• [WORK TO COMPLETE]: An exact copy is required of the lines from the one with "Oto quay dau" through the last line of the material below, and of nothing else.
# # # #
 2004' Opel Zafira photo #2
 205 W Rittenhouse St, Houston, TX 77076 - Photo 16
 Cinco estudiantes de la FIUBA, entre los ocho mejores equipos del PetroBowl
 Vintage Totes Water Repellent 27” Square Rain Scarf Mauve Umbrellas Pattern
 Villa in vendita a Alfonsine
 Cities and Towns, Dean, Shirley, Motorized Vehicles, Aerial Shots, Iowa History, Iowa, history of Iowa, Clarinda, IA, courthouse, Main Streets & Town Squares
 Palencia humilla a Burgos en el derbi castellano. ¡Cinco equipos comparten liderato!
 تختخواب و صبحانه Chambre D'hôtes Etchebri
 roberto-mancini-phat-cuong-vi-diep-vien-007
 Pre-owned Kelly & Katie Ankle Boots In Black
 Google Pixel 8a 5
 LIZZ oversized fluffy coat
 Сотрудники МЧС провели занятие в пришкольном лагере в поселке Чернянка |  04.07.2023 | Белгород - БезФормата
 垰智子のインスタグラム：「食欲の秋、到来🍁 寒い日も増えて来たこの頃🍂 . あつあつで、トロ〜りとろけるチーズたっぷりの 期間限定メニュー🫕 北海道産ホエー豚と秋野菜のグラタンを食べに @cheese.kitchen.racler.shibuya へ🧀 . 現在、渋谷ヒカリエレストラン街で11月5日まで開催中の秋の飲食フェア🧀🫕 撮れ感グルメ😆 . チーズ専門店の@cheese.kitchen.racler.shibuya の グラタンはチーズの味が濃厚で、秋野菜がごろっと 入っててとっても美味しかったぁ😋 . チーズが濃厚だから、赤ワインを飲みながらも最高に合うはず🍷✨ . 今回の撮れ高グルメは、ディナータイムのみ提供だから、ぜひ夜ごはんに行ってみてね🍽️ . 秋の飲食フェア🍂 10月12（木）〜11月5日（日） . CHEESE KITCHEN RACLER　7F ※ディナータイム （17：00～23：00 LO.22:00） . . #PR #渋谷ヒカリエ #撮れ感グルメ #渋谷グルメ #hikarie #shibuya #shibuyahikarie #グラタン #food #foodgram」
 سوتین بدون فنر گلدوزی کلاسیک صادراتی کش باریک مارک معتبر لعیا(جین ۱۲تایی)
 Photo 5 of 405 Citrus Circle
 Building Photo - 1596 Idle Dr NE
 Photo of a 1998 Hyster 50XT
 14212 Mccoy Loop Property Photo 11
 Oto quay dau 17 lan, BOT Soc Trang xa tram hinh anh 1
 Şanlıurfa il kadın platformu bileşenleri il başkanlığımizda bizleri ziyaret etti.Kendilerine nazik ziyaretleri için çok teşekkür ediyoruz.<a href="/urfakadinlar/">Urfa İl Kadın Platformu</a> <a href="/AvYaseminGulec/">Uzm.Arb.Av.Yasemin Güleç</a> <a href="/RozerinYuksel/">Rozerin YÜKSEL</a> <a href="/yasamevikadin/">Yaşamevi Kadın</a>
# # # #
• [EXERCISE OUTPUT]:
 Oto quay dau 17 lan, BOT Soc Trang xa tram hinh anh 1
 Şanlıurfa il kadın platformu bileşenleri il başkanlığımizda bizleri ziyaret etti.Kendilerine nazik ziyaretleri için çok teşekkür ediyoruz.<a href="/urfakadinlar/">Urfa İl Kadın Platformu</a> <a href="/AvYaseminGulec/">Uzm.Arb.Av.Yasemin Güleç</a> <a href="/RozerinYuksel/">Rozerin YÜKSEL</a> <a href="/yasamevikadin/">Yaşamevi Kadın</a>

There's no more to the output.